TT farmers to get duty-free concessions, but they’ll have to build drainage and irrigation

Last Updated on Saturday, 26 December 2015, 21:01 by GxMedia

Trinidad and Tobago’s Finance Minister, Larry Howai delivering his budget presentation in Parliament on Monday.

Guyana’s Agriculture Minister, Dr. Leslie Ramsammy said that Trinidad and Tobago’s farm investors will get duty free concessions but will have to help improve drainage and irrigation at new lands to be allocated.

“We have been working out arrangements with foreign investors that when they develop this land with infrastructure Guyanese farmers will also benefit,”  he told Demerara Waves Online News (

Ramsammy’s comments Monday afternoon came moments after the Finance Minister of the twin-island republic, Larry Howai announced in his budget presentation that talks were underway with Guyanese authorities on the investment package.

“We have requested of the Government of Guyana that investors from Trinidad and Tobago be eligible to access incentives currently available to Guyanese farmers and be allowed to repatriate profits,” he said.

Ramsammy assured that Trinidad and Tobago farmers would benefit from a level playing field in receiving concessions such as duty-free waivers on all machinery and inputs.

“They are not going to get a deal that is any less than Simpson at Santa Fe (the Barbados-owned entity in Rupununi),” he told Demerara Waves Online News (

Through the Food Security Facility, Guyana will immediately make available 10,000 acres of land in Berbice and a further 90,000 acres as time progresses. Allocation of the land, Ramsammy said, would depend on what the T&T investors want to focus on.

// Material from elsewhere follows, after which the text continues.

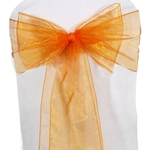 Imixcity Presidente Organza bonito Ribbon Bows Sash para casamento ou um banquete laranja 10PCS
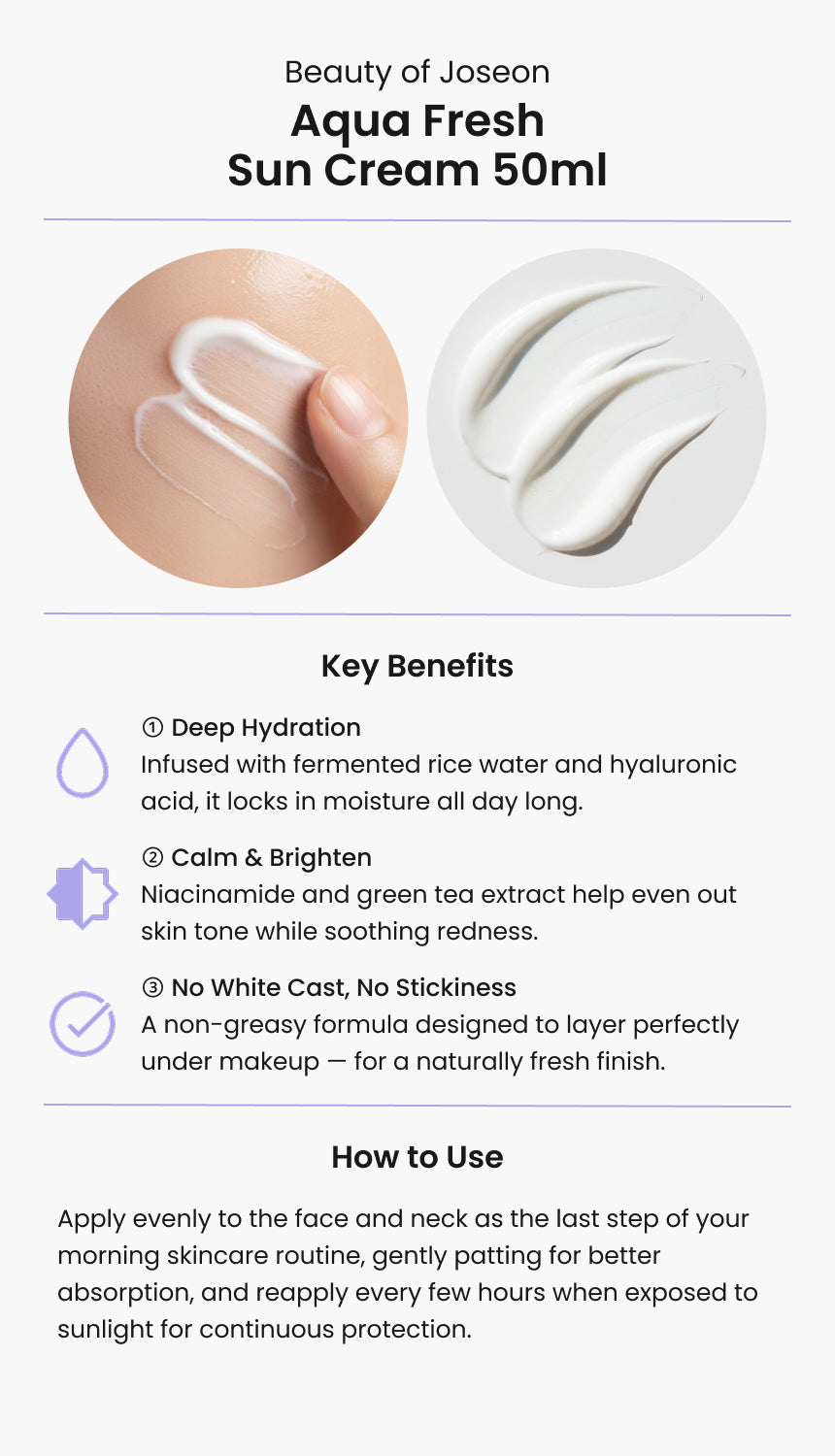 Beauty of Joseon Aqua Fresh
Sun Cream 50ml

He said that Guyanese would not be disadvantaged by the allocation of lands to T&T farmers. “No land that is presently available for Guyanese will be part of that allocation. They will be new lands.”

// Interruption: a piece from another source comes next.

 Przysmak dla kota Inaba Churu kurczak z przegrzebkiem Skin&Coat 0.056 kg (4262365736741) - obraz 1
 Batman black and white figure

The Trinidad and Tobago government will invite private sector investors to plough money into agricultural production in Guyana. Georgetown will in turn facilitate and support such investments.

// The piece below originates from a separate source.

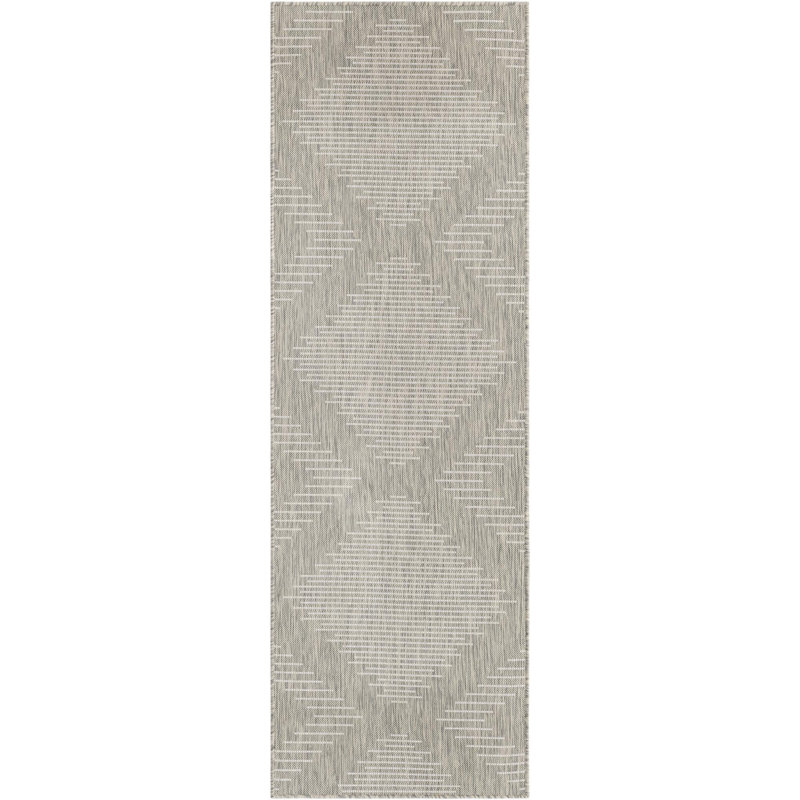 Ava-Mary Striped Indoor / Outdoor Rug, Runner 2' x 8'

The Guyanese Agriculture Minister said priorities could include the production of corn and soya bean to help bring down the cost of poultry and other stock-feed. He hopes that the lower prices will trickle down in the cost of chicken and other meat.

The Caribbean needs two million tonnes of corn and soya bean annually.

Tilapia, vegetables, rice and livestock are among the several types of produce that have been explored by technical teams that have visited Guyana in recent months.

While the bulk of employees would be Guyanese, Ramsammy said the emphasis would be on mechanised farming.  “We have not yet concluded on what they are doing,” he said, adding that “It is going to target import substitution for things that we are importing into the region.”

In an apparent effort to address concerns that the Trinidad and Tobago government was not maximizing and allocating lands to farmers there, that country’s Finance Minister highlighted the allocation of large acreages.

He said 4,111 acres of land formerly owned by Caroni Limited and 100 acres of State lands at Tucker Valley have been divided into six small and eight large farms for distribution to farmers.  He also said that 5,800 acres of agriculture lands leased to former employees of Caroni are being brought into cultivation through Growers Responsible for Evolving and Enriching the Environment. “Cultivation and harvesting have already begun and members of the public are benefitting from the farm-fresh produce cultivated through environmentally friendly methods,” he said.